A delegation of New Zealand businessmen is setting out for Chile carrying with it the uncomfortable and unfair burden of the Federation of Labour's continuing ban on trade with Chile. The situation would be ludicrous were it not so damaging to New Zealand’s interests, and to the interests of many New Zealanders in whose name the F.O.L. claims to speak.

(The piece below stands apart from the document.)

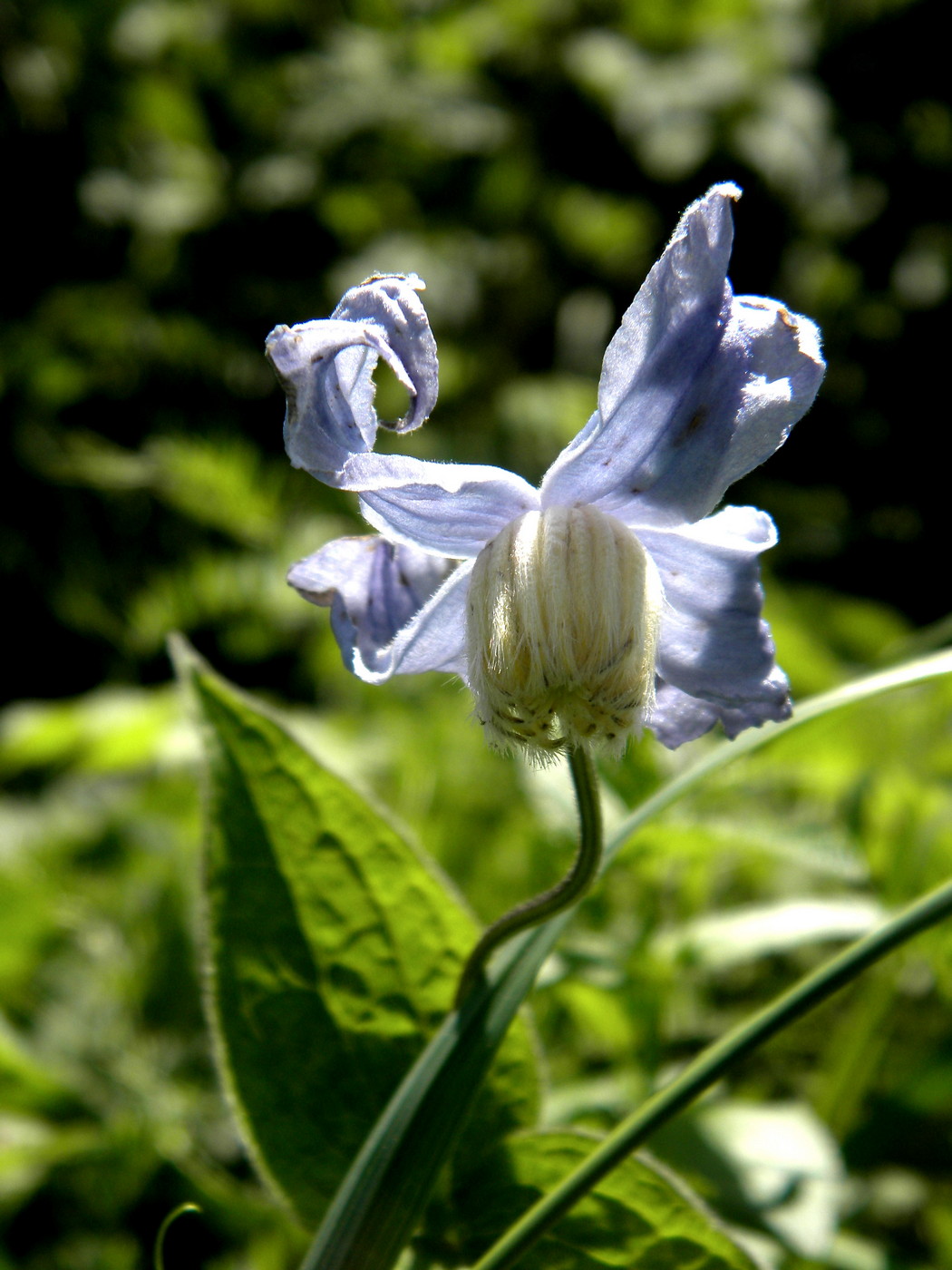 Image of Clematis integrifolia specimen.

In the scale of international events the military coup in Chile seven years ago is becoming ancient history. At the time it was a violent and unpleasant affair. The regime it set up was unpleasant, though not notably cruel by the standards of Latin America, or of much of the rest of the world. The regime which the military displaced was probably, at least as violent, and was certainly much less efficient, than Chile’s military rulers. Recent visitors to Chile report that the country is booming. Inflation of 600 per cent under the old regime of President Allende has been reduced to about 13 per cent, a figure which New Zealand might envy. Chileans are wealthy enough again to make their country an attractive market for others. Goods are flowing in from many parts of the world, not least from such Communist States as China, Poland, Cuba, and Czechoslovakia. East Germany maintains a trade mission in Santiago. Yet these countries were to the fore in urging the trade boycott to which New Zealand, alone in the world, continues to pay anything more than lip service.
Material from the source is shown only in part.